Miedo
Eres periodista. Trabajas en una pequeña redacción de un diario de provincias. Pero eres bueno en tu trabajo, bueno de verdad, de los que dedican un poco más de tiempo a comprobar los detalles, de los que insisten, de los que tienen curiosidad, de los que llaman a dónde haya que llamar, rebuscan donde sea preciso y no se conforman. Y como además eres inteligente y a ratos hasta brillante sucede. Te reconocen tu trabajo y hasta tienes un modesto éxito. Ahora escribes en un periódico importante y como, además, no careces de habilidades sociales, llegas a ser jefe de redacción. Ganas algunos premios. Conoces a gente que sale en la televisión. Te invitan a cenas y eventos. Todo va como debería.
Un día te enteras de que un pequeño periódico de provincias acaba de publicar una noticia importante. Un bombazo, algo que estaba ahí delante, a la vista de todos, pero que, por alguna razón, tú no viste venir. Deberías haberlo hecho, pero no lo hiciste. Nadie lo vio, salvo ese pequeño redactor de un periódico de provincias. Y entonces, por supuesto, haces lo que tienes que hacer: revisar lo que ese mindundi ha publicado para encontrar fallos, lagunas, omisiones, inexactitudes, imprecisiones, pequeños desajustes, incoherencias en las declaraciones. Lo haces, por supuesto, por pura deontología profesional. Y como todo el que busca encuentra, acabas encontrando algo. Y como eres alguien importante, ese algo -sea lo que sea- acaba aplastando al pequeño redactor de provincias que soñaba, como un día lo hiciste tú, con ser un pez grande.

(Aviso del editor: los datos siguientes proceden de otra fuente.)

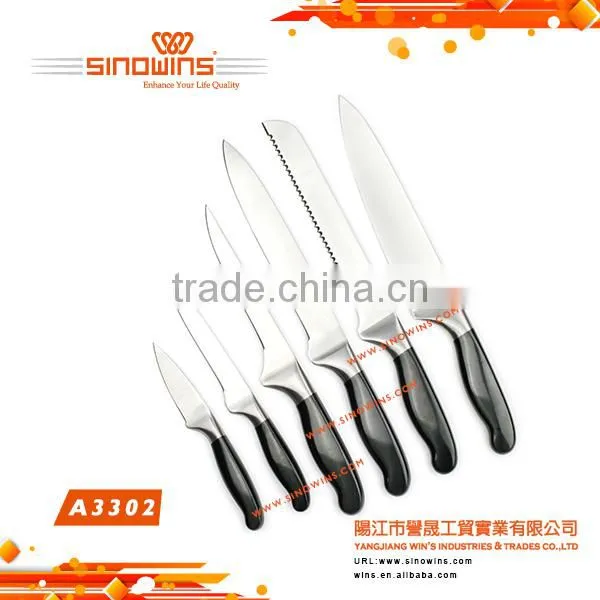 A3024 Cool Design 5pcs Stainless Steel Knife Set With Non-stick Coating photo-5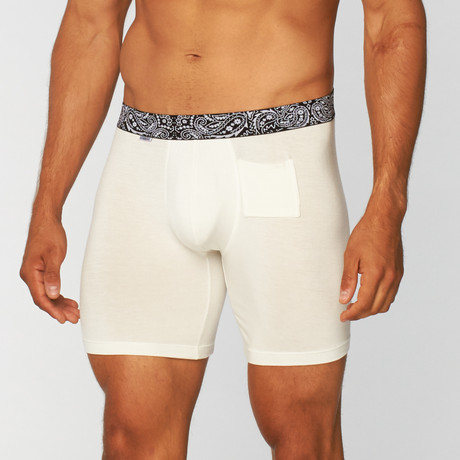 Paisley Boxer // White (M)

Esta es, exactamente, la forma en la que el poder nos corrompe: transformando nuestro esquema de incentivos hasta darle la vuelta como si fuera un calcetín. Un político empieza bajando al barro y arremangándose la camisa. Quiere limpiar la ciudad. Ser diferente. Acabar con la casta y los parásitos. La gente le vota porque, sí, suena diferente. Luego, poco a poco, descubre lo cómodo que se está sentado en lo alto del gran sillón, tomando decisiones, saludando a gente importante y apareciendo en la prensa y empieza a tener miedo porque ahora ya tiene algo que perder: todo lo que ha conseguido con tanto esfuerzo y con tanto arremangarse la camisa.

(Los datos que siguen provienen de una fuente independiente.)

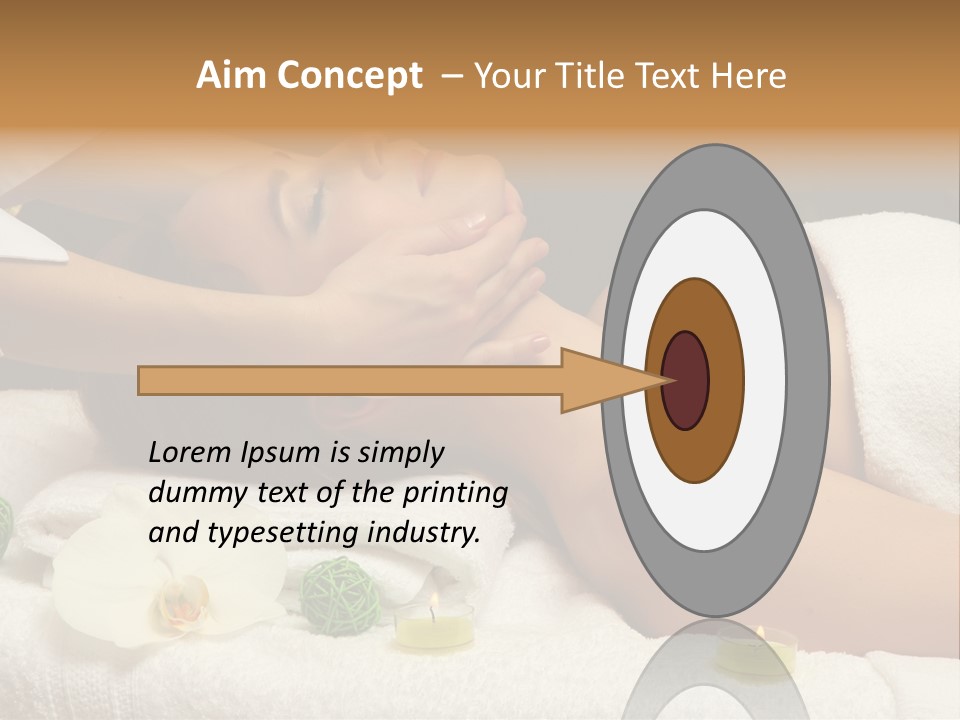 Beauty Body Lifestyle PowerPoint Template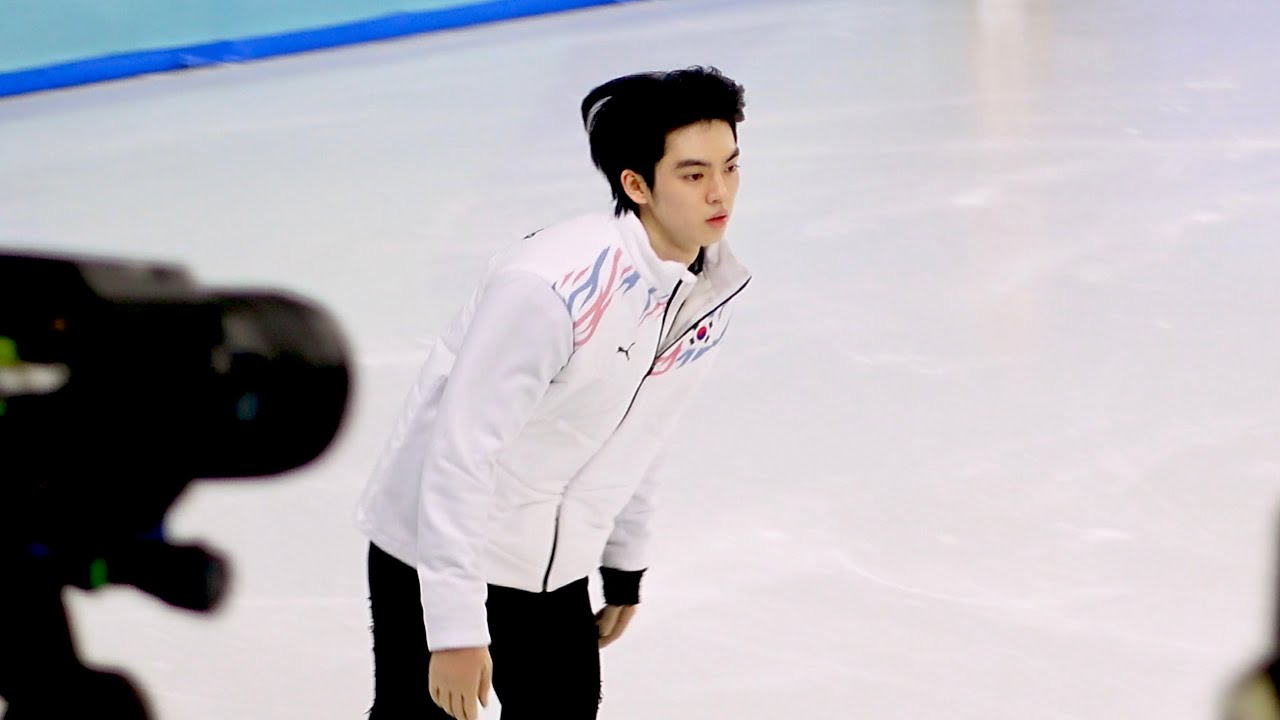 2025 하얼빈 동계아겜 차준환 쇼트 전 대기웜업 Cha Junhwan Harbin Asian Winter Games SP warm-up while waiting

La paradoja de la vida es que el pez grande se percibe a si mismo como el que está en una posición más frágil y como el que más tiene que perder. Por eso mucha gente en puestos de responsabilidad -en todos los ámbitos de la vida- no se comporta con la dignidad ni la gallardía que sería de esperar: porque tiene miedo y el miedo nos convierte en seres recelosos y desconfiados, capaces de hacer lo que sea con tal de quedarnos un día más en lo alto del árbol.
Por eso algunos catedráticos obligan a sus asociados a que pongan su firma en artículos de investigación a los que no han aportado una coma. Por eso los partidos políticos son criaderos de mediocres, porque la inteligencia se considera demasiado volátil y peligrosa, casi tanto como tener ideas propias. Y por eso vivimos instalados en la cultura del miedo cuyo mandamiento supremo es que es mejor dejarlo todo tal y como está, no sea que suceda algo y acabemos llamando la atención.

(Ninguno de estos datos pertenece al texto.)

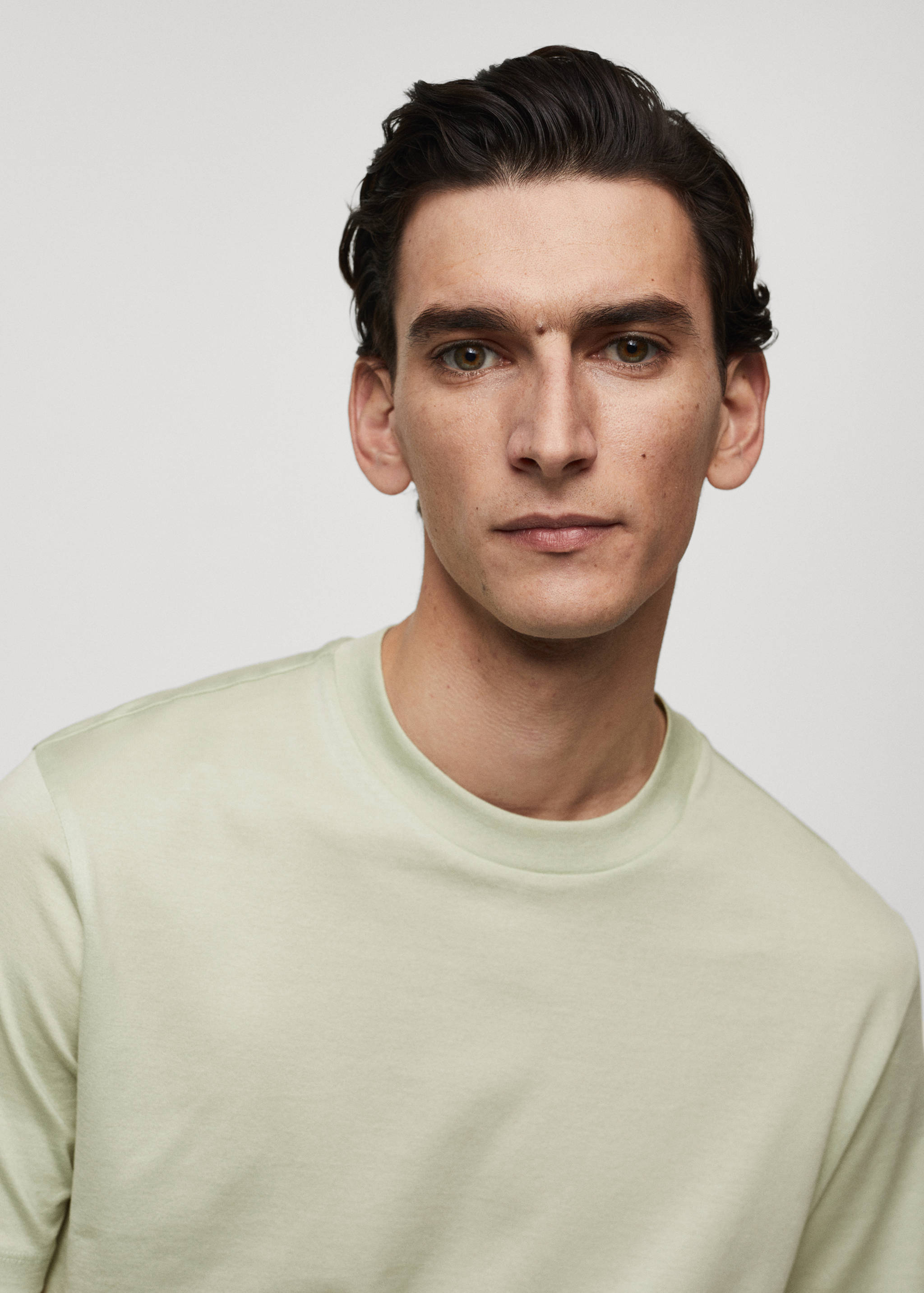 T-shirt slim-fit mercerisé - Détail de l'article 1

Cuando el periodista y el político se miran en el espejo ven a la misma persona de siempre. Pero si el espejo tuviera ojos vería que algo ha cambiado. Hubo un tiempo, casi otra vida, en la que en esos ojos hubo fuego, pero ahora ese mismo fuego les ha consumido y en su lugar ya sólo quedan cenizas y un furibundo instinto de supervivencia.
Miren bien a su alrededor y no tardarán en darse cuenta de a qué me refiero. Están por todas partes y son muy fáciles de distinguir: tienen miedo.